The folder checks flagged profile, library, and encoded-video as having missing content. Correct for this drill: those features were not used. On a real library with profile images, videos, external storage, or storage templates, the same warnings could mean actual missing data. Immich’s system integrity documentation explains what the folder checks look for.

What Passed

After the restore completed, the restored instance was checked rather than treating “the command returned” as enough.

The pass criteria:

CheckResult
Immich services healthy after restorePass
Admin login worksPass
Photo count matches expected datasetPass, 20 images
Albums restoredPass, 2 albums
Album contents match expected countPass, 10 assets each
Original image retrieval worksPass, JPEG 200 response
Preview image retrieval worksPass, JPEG 200 response

The restored library view also showed the expected lab media:

Restored Immich photos page showing a technical still-life image library.
The restored library view matched the small still-image dataset used for the drill.

A backup you have never restored is a proposal. A backup that has restored once is evidence.

The Restore Checklist I Would Keep

For a small Immich deployment, keep the restore checklist short enough to run again. If your setup uses external libraries, storage templates, multiple users, mobile upload queues, or a different deployment method, include those things in the drill.

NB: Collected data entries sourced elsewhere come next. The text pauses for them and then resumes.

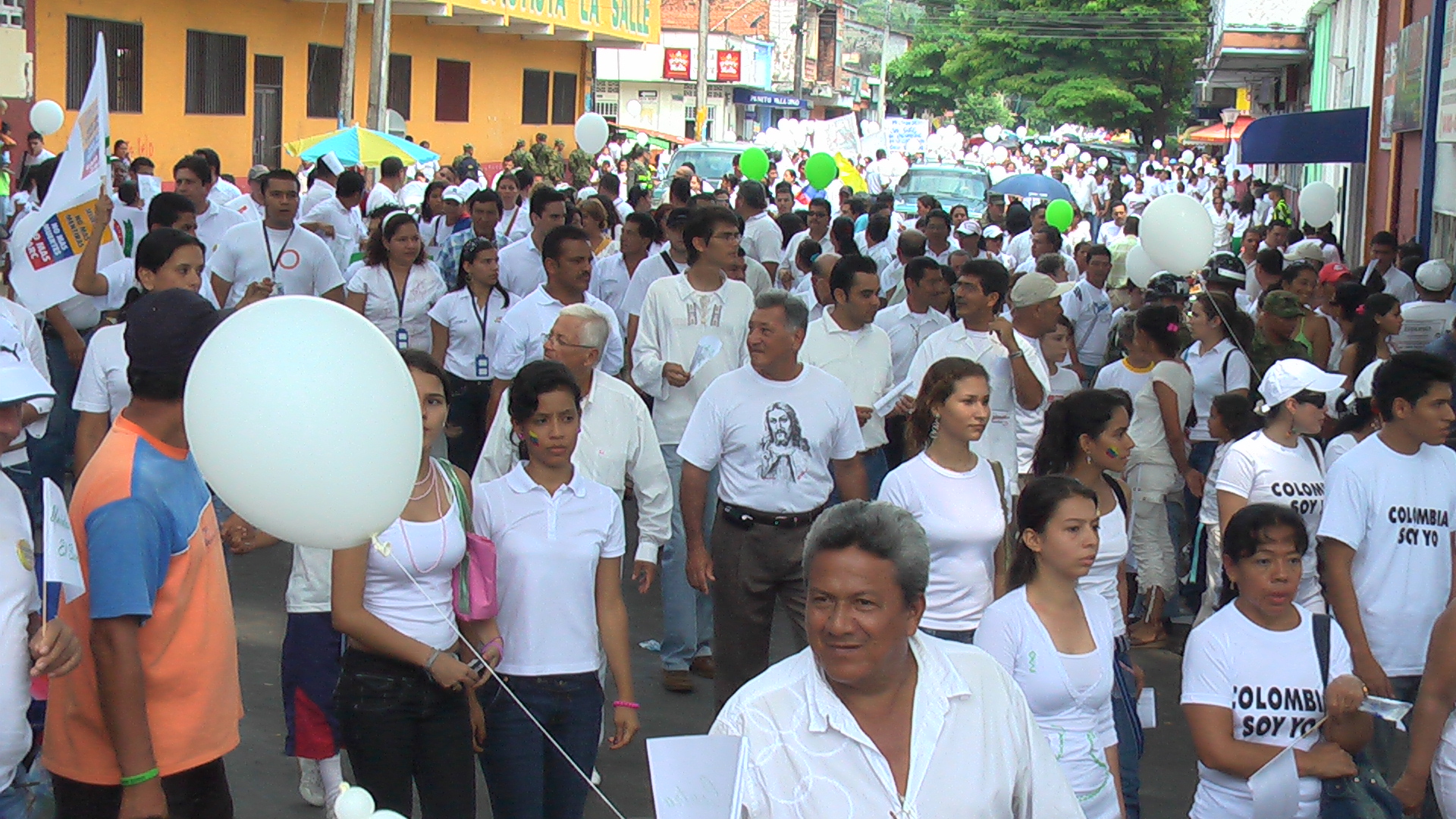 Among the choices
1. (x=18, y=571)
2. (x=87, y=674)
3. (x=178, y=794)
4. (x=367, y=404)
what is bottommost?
(x=178, y=794)

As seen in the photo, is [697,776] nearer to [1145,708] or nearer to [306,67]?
[1145,708]

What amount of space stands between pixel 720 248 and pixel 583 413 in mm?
1958

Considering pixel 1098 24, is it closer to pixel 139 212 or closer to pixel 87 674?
pixel 139 212

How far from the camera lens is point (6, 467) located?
6.48 meters

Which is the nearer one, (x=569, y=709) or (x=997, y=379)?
(x=569, y=709)

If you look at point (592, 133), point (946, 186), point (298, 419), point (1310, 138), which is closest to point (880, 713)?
point (298, 419)

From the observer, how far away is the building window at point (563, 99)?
4012 cm

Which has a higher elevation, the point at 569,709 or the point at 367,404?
the point at 367,404

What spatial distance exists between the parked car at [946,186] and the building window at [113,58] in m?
11.4

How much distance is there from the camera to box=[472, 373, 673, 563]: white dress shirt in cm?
575

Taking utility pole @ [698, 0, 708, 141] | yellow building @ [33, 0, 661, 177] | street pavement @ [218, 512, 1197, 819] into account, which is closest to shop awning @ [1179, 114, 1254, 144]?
utility pole @ [698, 0, 708, 141]

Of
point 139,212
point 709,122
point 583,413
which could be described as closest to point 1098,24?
point 709,122

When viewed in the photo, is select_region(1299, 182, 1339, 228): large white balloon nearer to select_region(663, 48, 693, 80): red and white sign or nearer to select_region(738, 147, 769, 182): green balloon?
select_region(738, 147, 769, 182): green balloon

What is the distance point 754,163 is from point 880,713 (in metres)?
19.4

  1. Record the Immich version and deployment shape.
  2. Confirm where UPLOAD_LOCATION and database data live.
  3. Trigger or capture a database backup.
  4. Stop writes if you can; if not, capture database first and filesystem second.
  5. Copy the full upload location unless you have already proven a narrower folder set.
  6. Restore into a clean target, not a half-reused app directory.
  7. Use Immich’s restore flow or the documented command-line route for your case.
  8. Check folder warnings before clicking through them.
  9. Verify login, asset count, album or metadata state, original retrieval, and preview generation or retrieval.
  10. Write down the awkward parts while they are still specific.

That last step is not admin theatre. The awkward parts are the restore procedure. If the backup filename pattern, folder checks, mount paths, version mismatch warning, or maintenance-mode login feels confusing in a calm lab, it will not become clearer because a real library is missing.

Make the drill part of the backup. The backup is not finished until the restored service opens the data you care about.